Today my son asked me, “Mom, what’s an adventure?” His hazel (or diesel as he calls them) eyes looked up at me from his seat on the Baby Bjorn toddler toilet. His star studded potty chart was taped behind him on the wall. We often have deep talks here in the bathroom.
“Well, adventure is...” I stopped and found myself at a loss for words. “It’s something you do that is exciting and maybe a little bit scary,” I ventured. “But mostly exciting,” I went on.
“Wow, I really have no idea,” I thought to myself. I realized that I had begun to think of “adventure” as just a optimist's buzzword for a really difficult situation that you have to slough through in this life. I was surprised by my own cynicism. Where did that little kid go who dreamed only of adventure?
I think I began to create this stereotype of the adventurer that I just couldn’t live up to. I had these misconceptions that I made into rules and now as I sit and think of the adventures I’ve known personally and through books, blogs and friends I find my preconceptions to be lies.
So here they are, 5 misconceptions I subconsciously held about adventurers:
- Adventurers can’t watch TV. Somewhere along the line I noticed that a sedentary life is not usually conducive to adventuring and twisted that observation into a law. If you choose to watch TV you are sacrificing any opportunities to have adventures and all your creative juices will be sucked from your brain.
- Adventurers can’t have kids. I used to have nightmares of trying to get my sisters out of some movie theater or abandoned warehouse and I knew I could get away if I just didn’t have to worry about them too. So, I began to think that if you are responsible for someone it is to risky to go on adventures.
- Adventurers don’t have normal jobs. Yes, Indiana Jones was a professor but in general I had this feeling that adventurers just spent their time traipsing from one adventure to the next.

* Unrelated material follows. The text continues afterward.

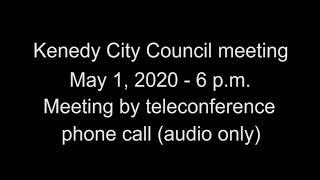 Kenedy City Council meeting, May 1, 2020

- Adventurers don’t get to experience the thrill of excitement and joy without the depths of despair ever bringing them down. It just seems like if and when you are depressed, anxious or fearful adventures are completely out of the question.
- Adventurers don’t need sleep, in fact they thrive on 4-5 hours a night.
So once I had effectively eliminated myself from this category, slowly coming to grips with the fact that I am not exactly “at my best” when I have only gotten a few hours of sleep, and that I do in fact like watching TV...not to mention that I have kids and a “normal” job...oh, and of course, I have nagging doubts and despair. Having discovered all this about myself I cut ties with my desire for adventure.
But the list above is one of untruths. Adventurers can be anyone...me, you, the least expected person in the world. So as the travelocity gnome would say, “Go and Smell the Roses.”